Last week I blogged some Vagrant tips and pretty much jinxed the run I had in the past months.

Here's how:

  • I decided to upgrade to Vagrant 1.1, which broke bento: the current bento master is incompatible with Vagrant 1.1. But selecting the right rbenv env and installing the latest available Vagrant gem (inside the rbenv environment) fixed it.

  • My base box build, but for some reason, the guest addition setup broke and while it worked on Mac OSX, it broke the image completely on Ubuntu. Don't ask me why.

Especially the last bit reminded me to share another small tip, or work-around.

Fixing up base boxes

So every once in a while something doesn't work as expected. In my case, the guest additions were installed but not loaded and also failed to load when I started a VM. This in itself wasn't so bad, but it broke the vboxfs shares and while there may be cases where you don't need that (e.g. for a database VM), a VM without your code mounted into it is pretty useless.

The fix wasn't too hard:

  • I created a blank Vagrantfile (no recipes, just a simple box definition).
  • vagrant up and wait for the box to fail.
  • vagrant ssh to enter the box, or start with the GUI option and login through it.
  • execute sudo /etc/init.d/vboxadd setup

Then, exit the VM and execute the following: vagrant package vm_name --output box_name.box.

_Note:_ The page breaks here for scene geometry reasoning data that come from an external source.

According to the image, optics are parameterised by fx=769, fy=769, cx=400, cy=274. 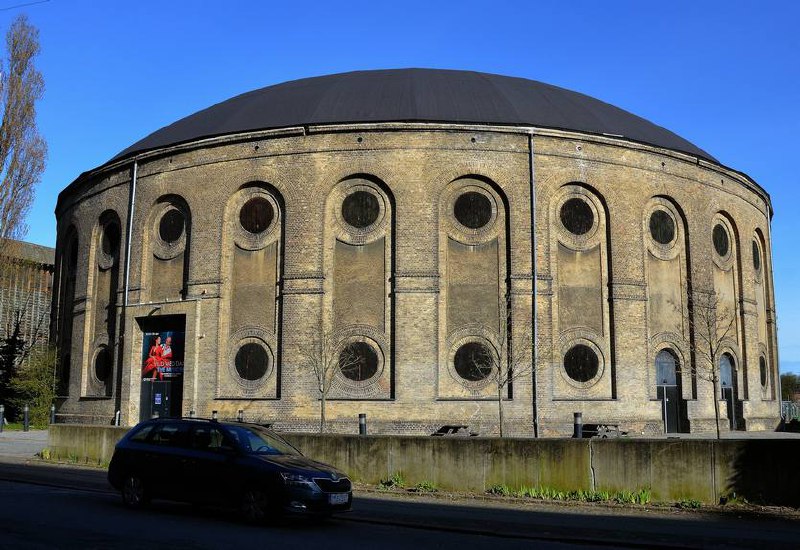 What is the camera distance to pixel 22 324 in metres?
49.0

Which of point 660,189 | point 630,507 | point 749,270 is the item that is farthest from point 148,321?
point 749,270

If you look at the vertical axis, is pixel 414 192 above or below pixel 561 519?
above

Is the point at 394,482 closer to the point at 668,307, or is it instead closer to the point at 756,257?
the point at 668,307

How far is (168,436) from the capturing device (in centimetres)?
1193

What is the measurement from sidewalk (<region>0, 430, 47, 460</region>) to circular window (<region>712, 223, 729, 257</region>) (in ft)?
88.8

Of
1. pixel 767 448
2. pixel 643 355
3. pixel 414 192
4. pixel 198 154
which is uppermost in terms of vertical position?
pixel 198 154

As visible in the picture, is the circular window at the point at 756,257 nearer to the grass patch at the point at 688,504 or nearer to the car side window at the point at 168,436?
the grass patch at the point at 688,504

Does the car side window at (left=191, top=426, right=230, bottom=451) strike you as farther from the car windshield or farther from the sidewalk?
the sidewalk

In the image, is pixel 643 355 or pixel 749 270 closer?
pixel 643 355

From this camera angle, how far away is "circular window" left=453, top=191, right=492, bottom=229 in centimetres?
2803

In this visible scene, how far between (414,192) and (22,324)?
33.2 metres

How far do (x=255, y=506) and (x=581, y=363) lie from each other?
1948 cm

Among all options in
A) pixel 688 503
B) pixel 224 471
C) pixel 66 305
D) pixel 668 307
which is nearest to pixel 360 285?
pixel 668 307

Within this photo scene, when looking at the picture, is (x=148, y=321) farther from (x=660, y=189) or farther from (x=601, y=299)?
(x=660, y=189) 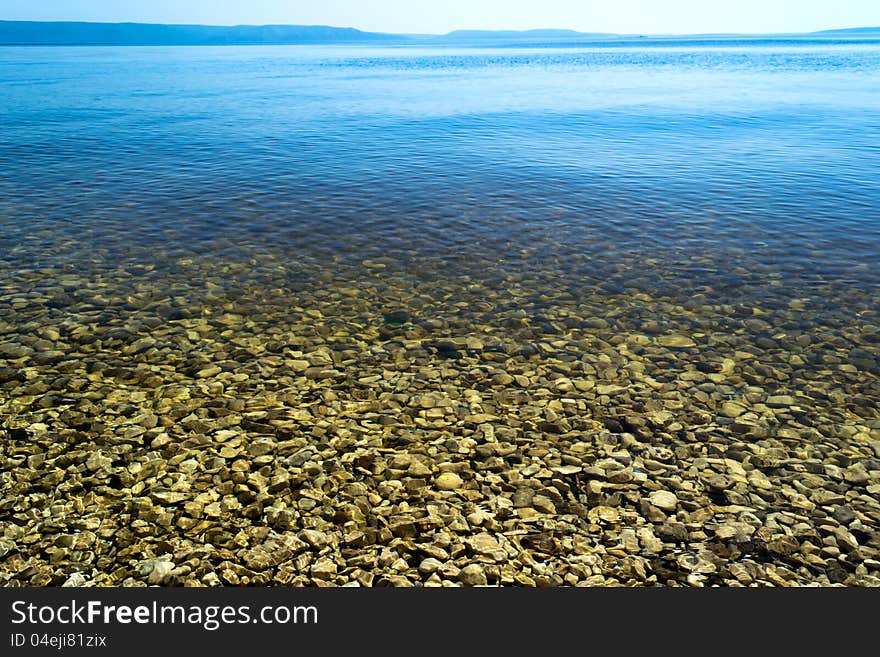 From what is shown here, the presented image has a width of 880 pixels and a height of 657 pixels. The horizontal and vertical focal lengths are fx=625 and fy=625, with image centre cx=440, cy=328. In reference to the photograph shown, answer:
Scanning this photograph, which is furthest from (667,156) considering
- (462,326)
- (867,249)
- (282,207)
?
(462,326)

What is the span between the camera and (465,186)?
26.8 meters

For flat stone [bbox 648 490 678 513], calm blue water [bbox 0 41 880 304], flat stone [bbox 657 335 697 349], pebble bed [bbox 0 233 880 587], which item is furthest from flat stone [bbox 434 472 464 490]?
calm blue water [bbox 0 41 880 304]

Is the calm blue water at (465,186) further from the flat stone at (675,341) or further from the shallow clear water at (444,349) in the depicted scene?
the flat stone at (675,341)

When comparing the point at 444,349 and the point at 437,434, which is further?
the point at 444,349

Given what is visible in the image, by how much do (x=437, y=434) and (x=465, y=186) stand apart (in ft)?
60.2

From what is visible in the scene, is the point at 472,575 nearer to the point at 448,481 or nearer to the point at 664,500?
the point at 448,481

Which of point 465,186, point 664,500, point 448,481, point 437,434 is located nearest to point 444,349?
point 437,434

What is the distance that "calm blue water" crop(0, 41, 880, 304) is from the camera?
730 inches

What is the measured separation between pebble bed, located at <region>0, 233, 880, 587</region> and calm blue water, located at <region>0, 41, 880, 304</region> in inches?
99.1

Import the box again with vagrant box add etc., update your Vagrantfile and test — then distribute.

Thoughs

Let me use this to reiterate on how critical a fixed set of versions are.

VirtualBox 4.2.x and bento (or veewee) seem to be incompatible somewhere and even though an error doesn't surface while the box is build or validated, it's still happening. It's paramount that there's always a rollback of some kind before you end up breaking too many things and stall your team for long.

Fin

That would be all for today.